Fintechs, fintechs everywhere

James Daniels
James Daniels

Exciting new fintechs were unavoidable. This is a reflection of India’s fintech market, which is one of the fastest growing in the world, set to be worth $31 billion this year.

Demonetization initiatives have helped increase bank penetration. Combine this with a population that loves mobile and a compelling customer experience, the stage is set for India’s fintech revolution. New solutions vary from digital wallets and P2P payments, to loans and billing services. The growth and appetite for innovation is staggering.

Interestingly, this influx of new players has come from India’s tech universities – not the financial world. While brimming with new ideas and tech expertise, some lack nuanced financial services knowledge. This is bringing some challenges.

On top of the need to navigate global industry regulations, India’s government and the Reserve Bank of India (RBI) have defined stringent mandates of their own. It’s important to remember that expertise does not always need to be internal. Partnerships with industry experts means fintechs don’t need to wait to get the knowledge they need. In turn, this frees up resources available to focus on innovation and time to market.

Plotting a path to financial inclusion

Financial inclusion remains a key priority, informing both bank and government strategies. One government initiative gaining traction is the National Common Mobility Card (NCMC) program. The initiative facilitates a seamless consumer experience across payments, transit ticketing and mobility services. Conceived by the Ministry of Housing and Urban Affairs at the Government of India, it aims to offer growing urban populations a seamless, multimodal travel card solution. This complements ongoing payments infrastructure migration to EMV®.

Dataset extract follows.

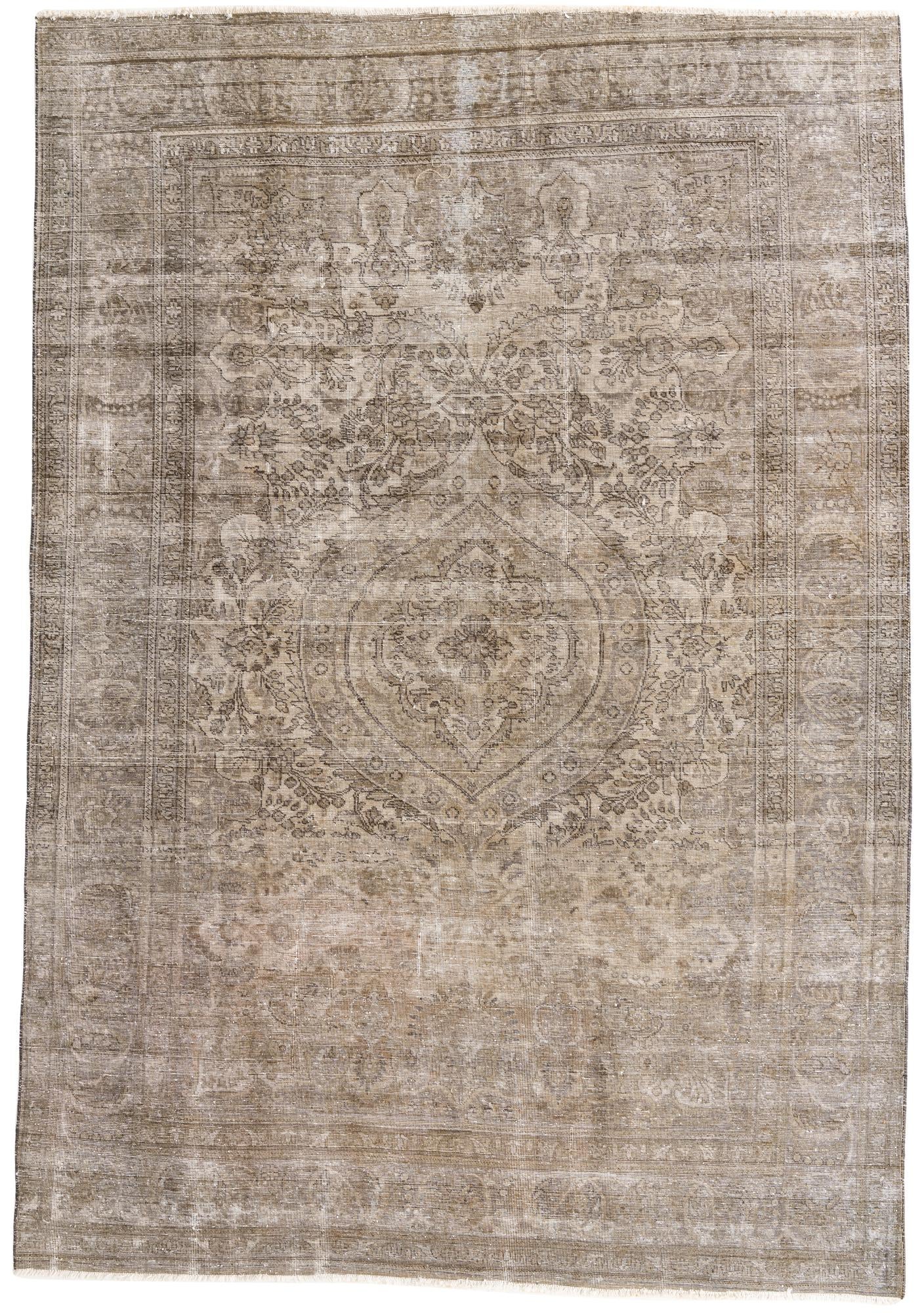 7' 3 x 10' 7 Hand Knotted Ultra Vintage Persian Wool Rug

These onboarding efforts are also helping merchants accept new ways to pay too – something vital as digital payments look set to overtake cash by 2022Software-based mobile POS (SoftPOS) solutions were prominent at the event and are increasingly popular among small merchants. These solutions use the NFC functionality of commercial off-the-shelf mobile devices to accept contactless card or mobile payments. This helps merchants to accept digital payments at a low cost and time investment.

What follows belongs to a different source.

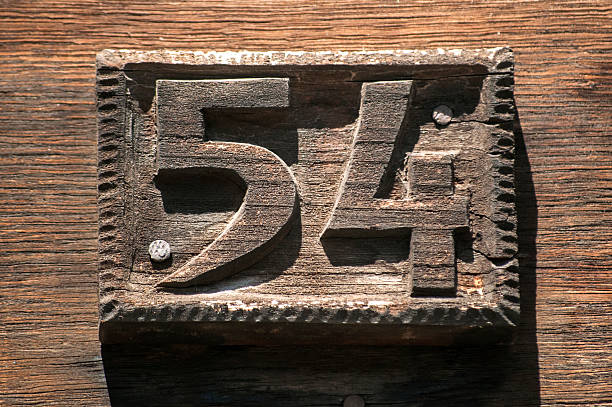 istock Carved wooden plate number 54 501065854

All roads lead to open banking

While not an exclusively open banking event, the topic seemed to permeate many of the show’s discussions. As happened in Europe, the undefined role of fintechs and the rising demand for more valuable consumer services is pushing the adoption of open APIs to the top of the agenda.

While some banks are making progress in defining their own APIs, progress is limited. The lack of mandates or standardized requirements is often cited as the source of much of the delay, putting the pressure on banks to ensure the functionality, quality and security of solutions before going live.

Although it’s uncertain how India’s open banking ecosystem will evolve, many are looking to learnings from Europe. Much can be learned from open API standardization efforts such as STET and the Berlin Group. And from these efforts, Indian stakeholders can now rely on innovation tools that are tried and tested.

Real-time, real talk

Closely tied to open banking is the industry-wide push for ‘real-time’ or ‘instant’ payments. Once seen as separate topics, both are increasingly considered in tandem as part of the fundamental  modernization efforts of banks that are “changing customers’ relationships with their banks and the usage of financial services generally.” In the real-time game, India is already ahead with its Unified Payments Interface (UPI).

Built on the increasingly pertinent global financial services messaging standards, ISO 20022, UPI is an inter-bank platform that merges various banking services and features, facilitating a variety of ‘real-time’ payment services. And it’s a successful initiative too, with 1.3 billion transactions in February 2020 alone.

The combination of a successful ‘real-time’ payments platform with truly open APIs could be phenomenal. So much innovation in payments and financial services is coming out of India. I look forward to seeing how it transforms and leads these initiatives, both domestically and on the global stage.